Early in Arizona’s Sunday Night matchup with the New England Patriots, those pragmatic expectations looked to be true. But as has become another expectation — if not a tradition — wideout Larry Fitzgerald came to save Palmer from falling in the mud. It wasn’t enough to notch a win, but he made the 21-23 loss as close as it was.

Despite the loss — thanks in part to a botched field goal try in the closing minute — the game ball is surely on its way to Canton.

Of Palmer’s 24 completions, Fitzgerald accounted for eight and notched 81 yards and two touchdowns. The second put the Cardinals up 21-20 with 9:46 remaining and it was his 100th career touchdown reception. On that one play (among many) the 33-year-old showed he can still thrive in this young man’s game, making a diving catch in the left corner of the end zone that 75 percent of the time is dropped hitting the ground.

Before that, Fitzgerald brought the two-possession game into range for the Cards with another grab in a goal-line situation. His abilities as a red-zone threat were on full display, helping Palmer’s confidence after a rough couple of opening drives.

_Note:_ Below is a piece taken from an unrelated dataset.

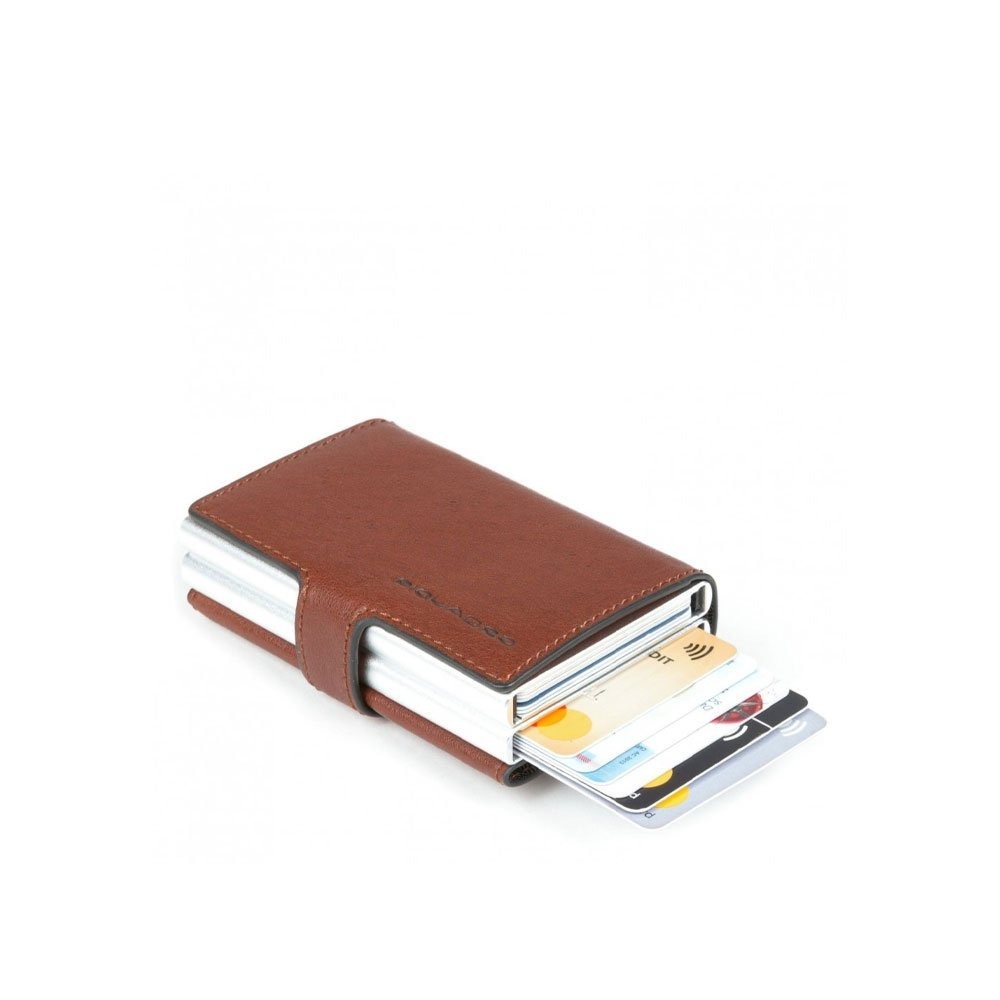 Piquadro, Black Square, Suport de Carte din Piele, Sistemul de Glisare cu Casă de Carte Dublă, PP5472B3R, Maro, Pentru Bărbați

Palmer did open the game with a nice toss to tight end Jermaine Gresham to spread the defense, but what followed was a series of severely underthrown and overthrown balls to Michael Floyd, J.J. Nelson, and even David Johnson. The only player Palmer could consistently rely on to help him out was Fitzgerald, who caught eight of 10 targets.

Other supposed go-to receivers (and their time will surely come), Floyd and John Brown, were far less efficient. Floyd caught only three of seven passes while Brown only reeled in one of four targets. The former managed 61 yards, but the majority of that came on the wings of a 39-yard reception. If not for that one snag, he’d be completely on the skirts.

What made Fitzgerald’s performance so important was most of his catches held as great of value as Floyd’s shining moment.

With no timeouts remaining and 3:44 to go in the game, Palmer leaned on Fitzgerald to move the chains into field-goal range. He first hooked up with Fitz for a 21-yard gain to get the ball near midfield. Shortly after significantly missing Jaron Brown, Palmer then reconnected with Fitzgerald to enter Patriot territory with 2:42 remaining.

A couple of plays later came Fitzgerald’s would-be greatest contribution: moving the chains on third down with a 10-yard reception to hit the two-minute warning inside field goal range. Had Catanzaro’s kick hooked more to the right, Fitzgerald would have had the three biggest catches of the night. All that kept them from having the most impact was his teammates falling flat elsewhere — though you can’t jump on Johnson,  because he had a great showing as well.

Last season, Fitzgerald started the season with six touchdowns in the first five games. He’s already well on pace to have another similarly successful year.

What a swan song that would be should this indeed be his last season.